MDF = Medium Density Fiberboard ... essentially super-fine sawdust pressed together with resin into a very dense and (most importantly) very smooth sheet surface. It cuts and mills nicely ... woodworkers enjoy using it for cabinetry that they know will be painted. It's very dimensionally stable (won't warp, twist with changes in temp and humidity). And, it's cheap.

Downside, though ... not as strong as solid wood or plywood. Doesn't like getting wet.

But for a model train layout, it gives a nice, smooth surface as a "first layer" for a layout.

I suggested 1/4" sheet, which you could lay on top of your OSB. You can also get 1/2" and 3/4" MDF ... the latter is strong (and stiff) enough to support itself over some span.

Now, all of this could be moot if you're thinking building up a 3D layout with foam, hills, tunnels, etc. at some point.

But, hey ... that's the fun of the hobby ... creating something that's just right for you!

Have fun!

TJ


----------



## bradimous1 (Mar 3, 2010)

Woodland Scenic makes a pretty nice looking ground cover. You can buy them to fit a 4x5 layout. I am going to put it down and then build over top of it. My play is that after I build over top of it, it will eliminate any need to go back and fill in any bare spots.

http://www.walthers.com/exec/productinfo/785-4161

not too expensive and your local train shop probably carries it. Of course, I am about as far as you are Matt, so this isn't proven or anything, just think it might be a fairly easy way to get it done.


Good luck!!!


----------



## tjcruiser (Jan 10, 2010)

Brad,

Good tip. You can get sheets that will cover a 4x8 layout, too:

http://www.walthers.com/exec/productinfo/785-5121

They do a nice job of making the "grass" look real, and adhering the little particles to the underlying mat. Also, you can remove sections of "grass" by wetting and scraping (check with the specific mfr instructions, though) to make paths for roads, sidewalks, etc.

TJ


----------



## bradimous1 (Mar 3, 2010)

haha... my bad. I actually meant to say 4x8, not 4x5. Guess I not only said the wrong thing, but put the wrong link up. thanks

next week is really big... I am going to be building my table. I think that I can get the framing done in one weekend, but could be way off.


----------



## imatt88 (Jan 31, 2010)

I would like to see this grass covering "in action" Does it have to be glued down?

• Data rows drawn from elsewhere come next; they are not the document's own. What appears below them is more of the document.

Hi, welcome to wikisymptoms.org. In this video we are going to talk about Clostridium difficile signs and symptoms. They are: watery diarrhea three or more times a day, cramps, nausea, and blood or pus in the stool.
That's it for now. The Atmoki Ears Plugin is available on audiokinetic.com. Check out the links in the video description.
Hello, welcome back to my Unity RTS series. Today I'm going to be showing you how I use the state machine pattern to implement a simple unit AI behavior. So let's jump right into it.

Brad, take pics of your table when its finished. I would like to see what you did...

Cheers, Ian


----------



## tjcruiser (Jan 10, 2010)

I think the grass CAN be glued down, but doesn't have to be ... can be pulled taught & stapled around the underside edges. Again, check with mfr description for specific details.

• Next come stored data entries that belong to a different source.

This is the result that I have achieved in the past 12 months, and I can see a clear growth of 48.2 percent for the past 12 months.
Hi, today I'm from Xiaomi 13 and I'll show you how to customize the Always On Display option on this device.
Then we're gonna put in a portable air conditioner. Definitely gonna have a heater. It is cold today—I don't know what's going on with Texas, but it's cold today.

(Ohh ... and lots of mfrs make stuff like this ... not just Woodland Scenics.)

TJ


----------



## bradimous1 (Mar 3, 2010)

I think that I am going to run some glue, but my plan was to do exactly what TJ said, and that is to staple it on the underside. I also am going to do this prior to attaching the 4x8 prior to attaching it to the framing.


----------



## bradimous1 (Mar 3, 2010)

as TJ said, many manufacturers make this... Woodland Scenic is the only one that I have seen in action and as I think I mentioned earlier, it is carried in stock at my local train shop.


----------



## tjcruiser (Jan 10, 2010)

If you go the staple route, you might consider stapling the edge of the "grass" through a thin batten (a thin, long piece of wood). This will help even the tension on the grass mat, and help prevent the staples from locally tearing through the mat.


----------